Background

The BK gui/explorer needs a way to "know" where repos are. This is the proposal describing a bk repos command, what it does and how it will work.

Command syntax

bk repos [-c REPO | --check-all][[-a|--atime]|[-m|--mtime]][-v]
List cached repo pathnames.
Sorted by pathname by default. -a sorts by ATIME, -m sorts by
MTIME (newest first).
-v is a long listing that includes the times in the output.
--check-all Check and update the entire repos cache.
            Delete repos that are no longer around.
-c Check and update the REPO in the cache (make sure that a repo
   is there, and update the MTIME and ATIME -- see below for
   definitions)

Update events

It is assumed that the only way repositories come into existence is by bk setup or bk clone.

Repositories are added to the cache with a call to repos_update().

Historically, that was only done by check. However, going forward, clone will also make this call.

Additionally, the repos -c option calls repos_update(). As currently implemented, it doubles as an "add" function. Someone could manually copy a repository and run repos -c on the copy and the cache will be correctly updated.
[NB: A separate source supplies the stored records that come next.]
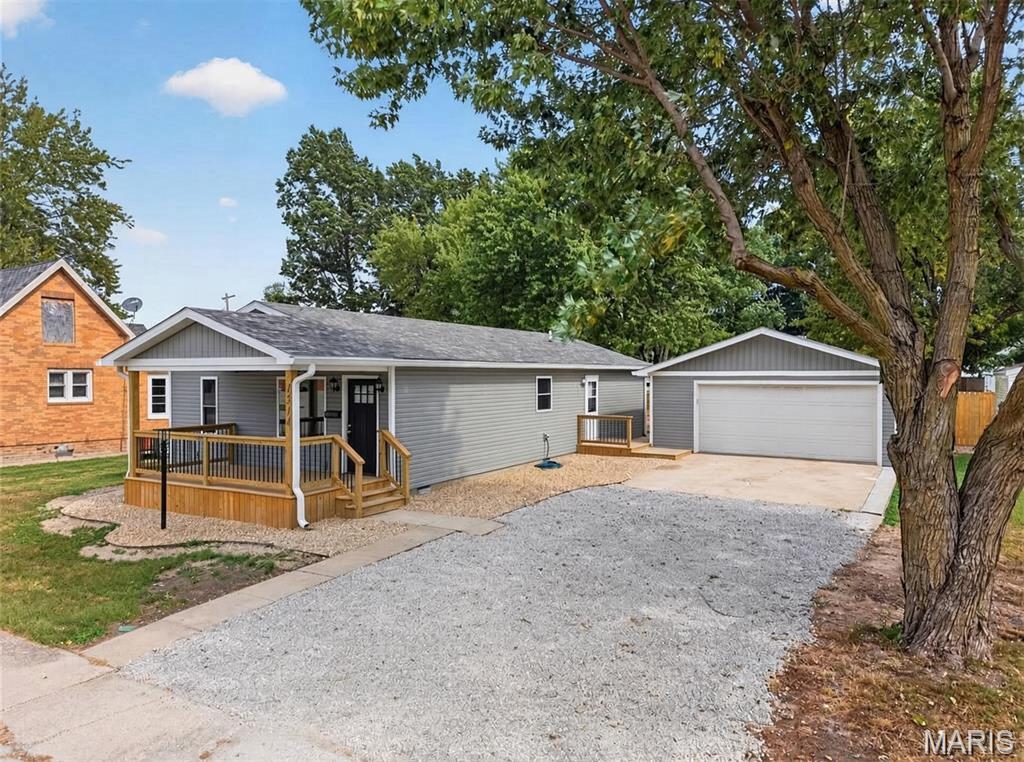 Photo of 1514 N Jefferson Street Litchfield IL 62056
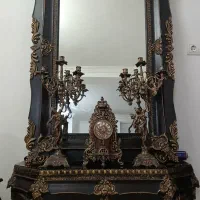 آینه و کنسول همراه با ۲عدد شمعدان و ساعت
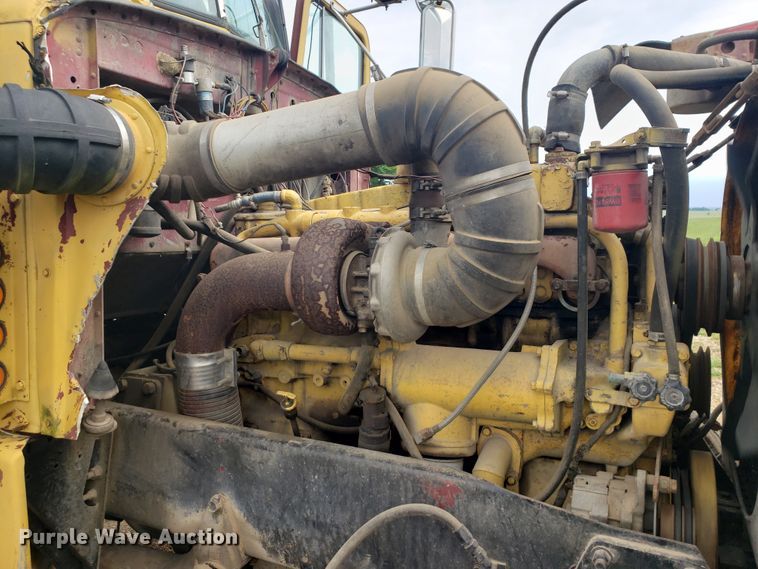 image for item HO9481 1980 Peterbilt 359  semi truck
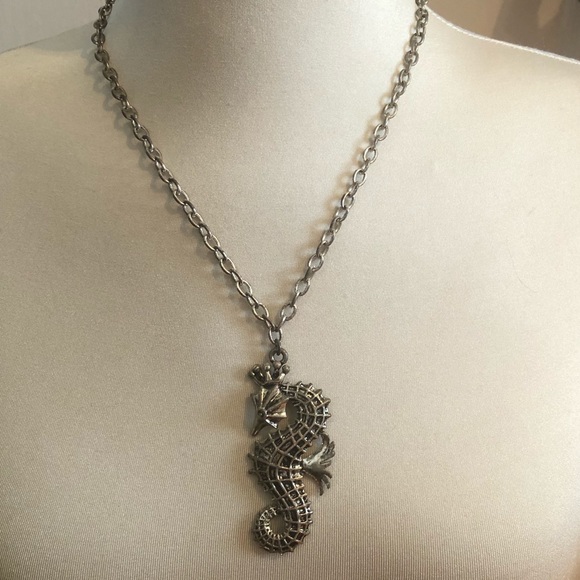 Jewelry - Silver seahorse necklace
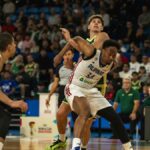 AJ Edu (č. 34) mal najrôznejšie problémy s veľkými mužmi Austrálie. —FIBA.COM
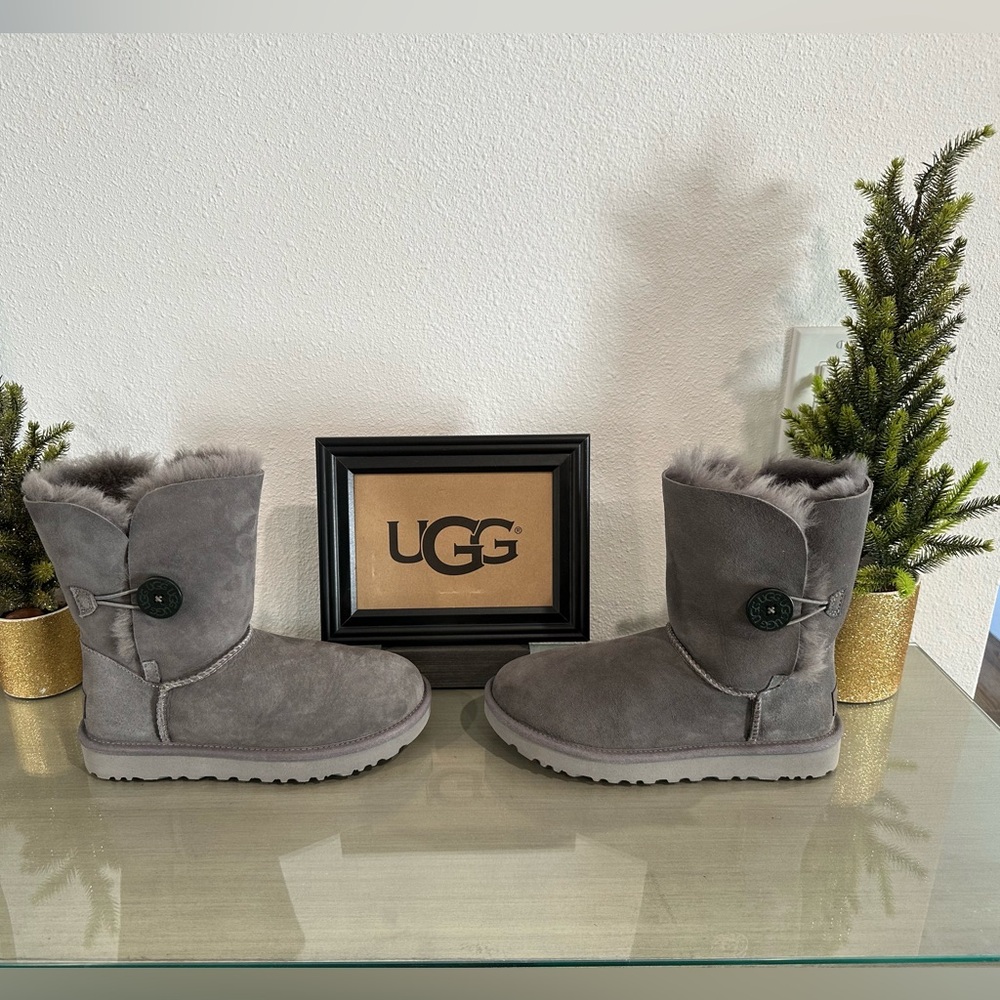 New UGG Women’s Classic Bailey Button II Size 6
It is intended that BK gui/explorer could call repos with --check-all at startup and then with -c when a repo is selected (in the repos tab).

On-disk Format

Repos are listed in:

$BK_DOTBK/repos/XX/REALHOST/path.log

XX is a two character string made by file_fanout(sccs_realhost())

Note: strings are same lengths. Nice for being able to switch paths.
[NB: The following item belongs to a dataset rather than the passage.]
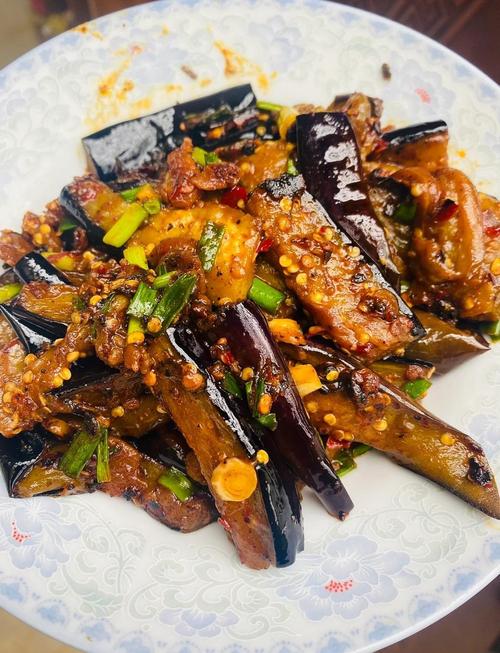 如何炒茄子家常做法_香辣下饭茄子，软嫩不吸油！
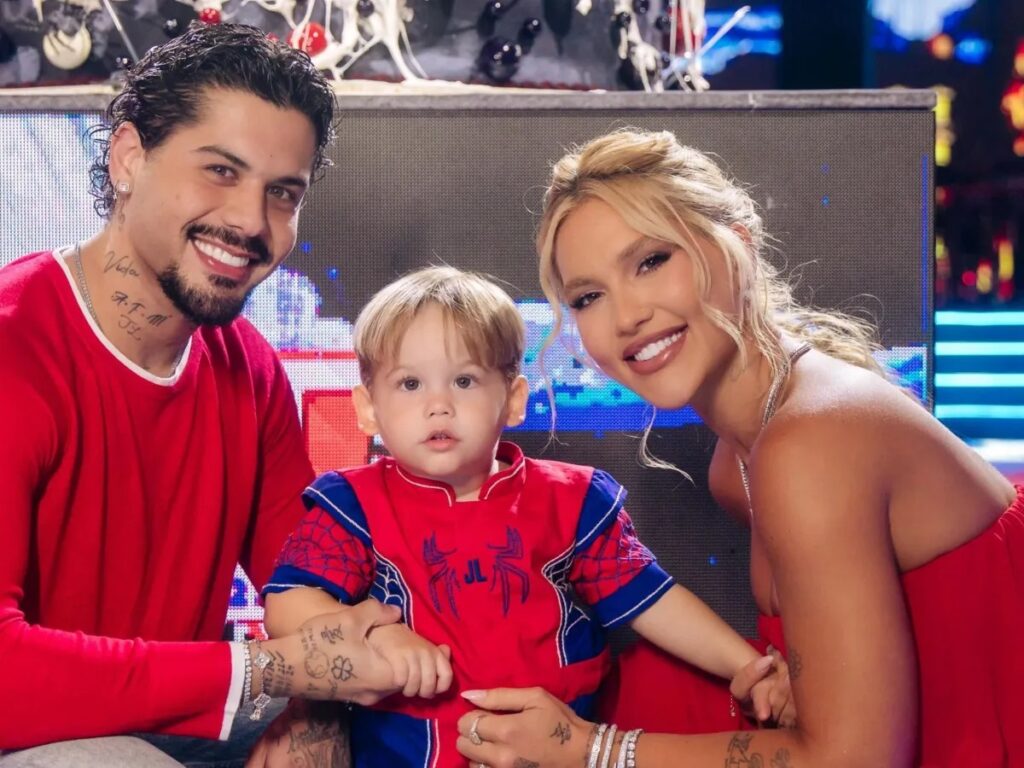 Virginia Fonseca e Zé Felipe com o filho caçula, José Leonardo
To date, the path.log file has been populated by check calling repos.c:repos_update() and the format has simply been a single directory path per line.

Going forward, each line will be in the form:

PATH|ATIME|MTIME|MD5ROOTKEY

Updates to the files are wrapped by sccs_lockfile(). Lock failures mean the update will be lost.

Compatibility

Older versions of BK will read the new path.log file and not recognize new style entries. These older versions will then simply add a new un-adorned single pathname to the end of the file.

This is harmless as the new code will simply read these paths, determine the timestamps, and update the in memory hash.

Definitions

PATHNAME	full path to the directory containing the repository
		(either standalone or product, no components)
MTIME		delta time of tip cset
ATIME		access time on the repo
MD5ROOTKEY	ID of repo; used to collect project instances.

Access time on the repo is open for discussion. One proposal is to use the most recent mtime of cmd_log, scandirs, and scancomps (combined with possibly suppressing cmd logging for certain operations inside our gui/explorer). The actual updating of the file is done as a side-effect of running the command.

The mtime is currently lifted from BitKeeper/log/TIP. Perhaps a better answer is to update the cache at the time we update the TIP file?

Another proposal was scan all the bk commands in cmd.pl and identify ones for which it makes sense to update the ATIME and then make code changes to always keep the paths.log file up-to-date. My intuition is that we should not do this because it will have bad performance implications (contention for the paths.log file itself) for information that is only required by our gui/explorer.